■ WORK ORDER ■
Take the records below and set down exactly the lines from the one with "Wiadomości Kościelne : (gazeta" to the one with "Ansichtskarte „Gruss aus", ends included; do not copy the pictures.
[SUPPLIED DATA Boundary: Start]
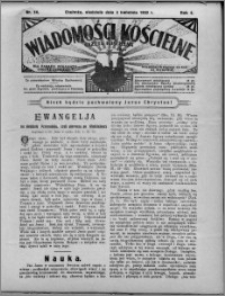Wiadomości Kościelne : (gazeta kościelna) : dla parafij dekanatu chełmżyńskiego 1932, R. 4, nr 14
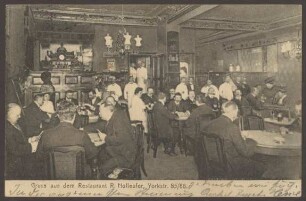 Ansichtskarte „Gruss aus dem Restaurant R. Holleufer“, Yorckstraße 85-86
[SUPPLIED DATA Boundary: End]
[SUPPLIED DATA Boundary: Start]
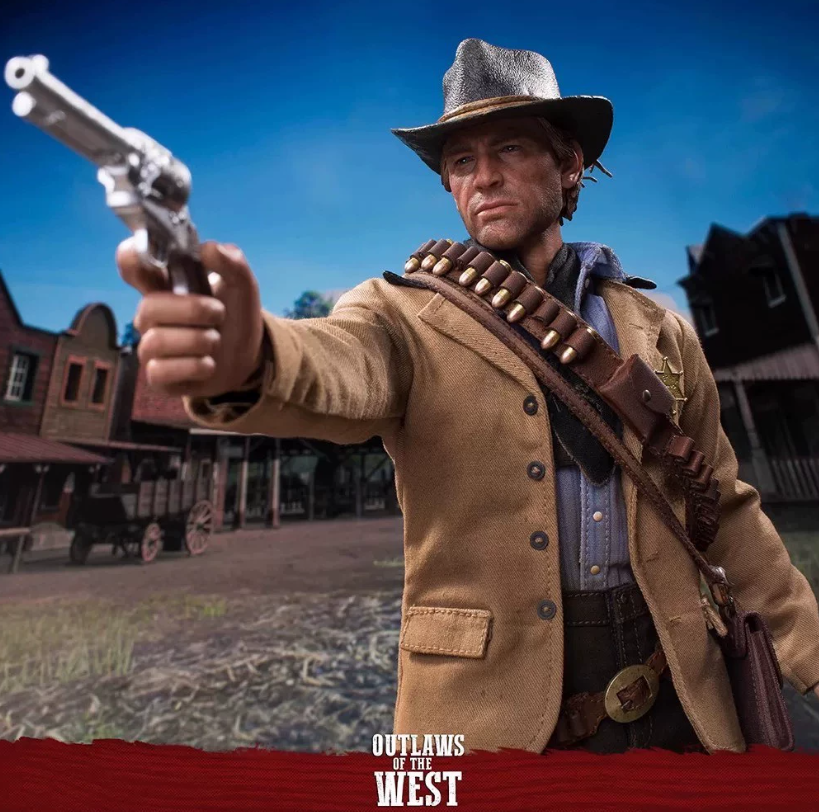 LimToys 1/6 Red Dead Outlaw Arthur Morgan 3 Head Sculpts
[SUPPLIED DATA Boundary: End]
■ OUTPUT OF THE EXERCISE ■
Wiadomości Kościelne : (gazeta kościelna) : dla parafij dekanatu chełmżyńskiego 1932, R. 4, nr 14
 Ansichtskarte „Gruss aus dem Restaurant R. Holleufer“, Yorckstraße 85-86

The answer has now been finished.